In: Statistics and Probability
Thomas’ manager has a deal with his employees that he will buy lunch on Friday for the highest weekly performer on his team if that employee wins at least two out of three coin flips. If the highest performer loses at least two out of three coin flips, then that employee has to buy lunch for the manager. To perform the three flips, three quarters are flipped simultaneously, so everyone gets to see three outcomes (heads or tails) each time. In 40 weeks, the manager has won the flips 27 times and Thomas suspects that the quarters being used are unfair as a result.
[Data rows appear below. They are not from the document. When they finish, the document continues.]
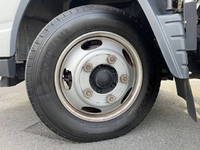 MITSUBISHI FUSO Canter Aluminum Van 2PG-FEB50 2020 175,000km_37
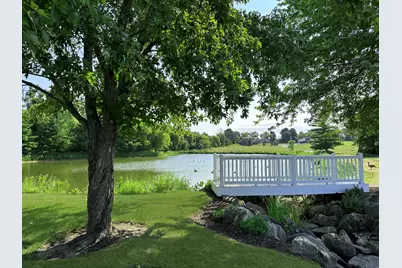 W2427  Mariah Ln #Lt60, Ashippun, WI 53066 - Photo 9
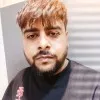 Parth Kaushik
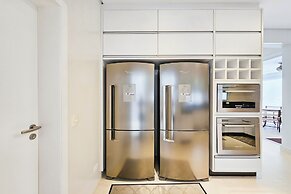 Casa Riviera 292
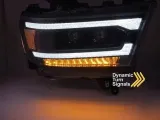 lampy-reflektory-full-led-black-do-dodge-ram-19-22-rodzaj-swiatel-mijania-led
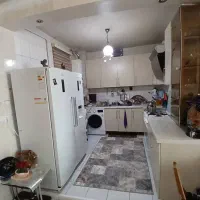 آپارتمان-یک-خوابه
He never trusted his manager, so he’s been keeping track since the first contest, and he has tracked the following results over the 40 weeks:
Number of heads out of three quarters flipped (n heads) |
Weeks where this number of heads occurred |
0 | 2 |
1 | 11 |
2 | 20 |
3 | 7 |
If the quarters were fair, then that would mean that n_heads comes from a binomial distribution with p = 0.5 (and number of trials = 3 – note that number of trials is a fixed parameter for the binomial, not an estimated parameter, so it doesn’t affect the degrees of freedom for the chi-squared test).
Using a chi-squared test for goodness of fit, can we say with 95% confidence that the quarters are unfair (i.e., that these results do not come from a binomial distribution with p=0.5)?
Can we say with 90% confidence that the quarters are unfair?
Solution:
Null Hypothesis (Ho): The data come from a binomial distribution with p =0.5
OR The quarters are fair.
Alternative Hypothesis (Ha): The data do not come from a binomial distribution with p = 0.5
Or The quarters are unfair
We use the binomial distribution to find the probabilities
P (X = 0) = 3C0 (0.5)^0 (0.5)^3 = 0.125
P (X = 1) = 3C1 (0.5)^1 (0.5)^2 = 0.375
P (X = 2) = 3C2 (0.5)^2 (0.5)^1 = 0.375
P (X = 3) = 3C3 (0.5)^3 (0.5)^0 = 0.125
Then these probabilitiess are multipled 40 weeks that result in expected frequency.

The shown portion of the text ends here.